Через час за мной заедет такси и унесет меня в аэропорт.
И я снова сомневаюсь. Думаю пойти и бессмысленно спустить 10 тысяч на телефон, только чтобы он работал в Японии. Твердя себе совершенно неправдоподобные отговорки, мол, все ради того, чтобы друзья смогли меня поздравить с днем рождения. И сама не верю себе ни на секунду. Конечно, на самом деле все из-за того, что, Боже, как мне хочется, чтобы одумался Денис и позвонил. И сказал бы все то, что никогда не говорил, все то, что я в нем читала.
Другая же часть меня ликует и торжествует: ха, даже если он и будет звонить, я взяла и лихо уехала. Пусть! Гори все синим пламенем!
Пообещала себе, что телефона не будет. Метания уже в голове, локализованы, хоть там, внутри, и бушуют не на шутку. Но только внутри.
На самом же деле чувствую себя совсем-совсем одиноко.
Позвонила только родителям, сказала номер гостиницы в Токио. Все. Больше никаких контактов. Даже друзья о моем отъезде едва ли знают.
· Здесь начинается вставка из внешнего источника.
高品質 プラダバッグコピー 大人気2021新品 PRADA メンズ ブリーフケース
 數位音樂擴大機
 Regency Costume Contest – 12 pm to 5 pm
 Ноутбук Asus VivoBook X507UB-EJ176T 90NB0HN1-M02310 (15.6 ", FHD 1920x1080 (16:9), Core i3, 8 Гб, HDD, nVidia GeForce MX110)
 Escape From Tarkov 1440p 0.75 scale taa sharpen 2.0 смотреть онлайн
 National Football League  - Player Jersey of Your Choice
Один друг выгуливал меня позавчера и спрашивал, куда я бегу, я отвечала:
- Знаешь, ото всех. Хочу лишить себя возможности мечтать о том, чтобы обняли и пригрели. Ну, знаешь, холодной воды себе на голову вылить нужно.
Друг взлыхал и говорил устало, понимая, что меня не переубндишь:
- А друзья на что?
- В том-то и дело. Друзья на то, чтобы в тебе было осознание, что есть к кому пойти и в плечо уткнуться. Я это очень ценю, ты себе не представляешь, как. Но я хочу сама.
- Если говорить совсем уж честно, Мел, не припомню случая, чтобы ты утыкалась мне в плечо. Хотя я вроде бы не из самых дальних друзей.
- Ты самый близкий.
Он обнял меня, когда мы прощались, молча, но крепко-крепко. Это было много. Очень.
Ещй один мой хороший друг, которому как раз мы сдали нашу московскую квартиру, уехал на практику до конца лета. Квартира пустует.
И каждый раз, когда я захожу, так хочется, чтобы встретили. Так хочется, чтобы дома были мама и папа. Дома, а не в Канаде. Чтобы мама выслушивала меня на кухне, как много лет назад, а папа бы подливал вина, когда возвращается с работы.
Хочется к Саше, с которым мне было так хорошо, как ни с кем. И большая часть меня рвется назад, к нему. И все, связанное с Денисом, кажется окутанным непонятной дымкой, а там, в Питере, свет и ясность, там Саша, как маяк, как путеводная звезда. И куда я сворачиваю? Зачем виляю? Я сто раз на дню удерживаю себя от того, чтобы ему позвонить. Стыдно. Но так хочется.
Я хочу, чтобы вот прямо судя приехал Денис, чтобы он совершил этот мужской поступок. Но этого, я так понимаю, уже не случится. И, если честно, уже пару дней ловлю себя на том, что уже, если честно, его звонка и не жду. Там, глубоко где-то маячит мысль о том, что уж на мой день рождения он объявится, но ведь настоящее не требует повода. И я рада, что на день рождения буду далеко и ничем не связана, даже телефоном.
Я читаю Бродского.
Как жаль, что тем, чем стало для меня
Твое существование, не стало
Мое существование для тебя.

И
И не могу сказать, что не могу
Жить без тебя, поскольку я живу.

Я глупая-глупая. И совсем запутавшаяся.
Пойду положу в сумку "Игру в бисер" - любимую книжку Сашиной бывшей жены, которую читать при нем мне гордость не позволяла, а тут как раз я приступила к чтению. Глядишь, в Японии и прочитаю.
Счастливого мне полета!
А вам счастливо оставаться!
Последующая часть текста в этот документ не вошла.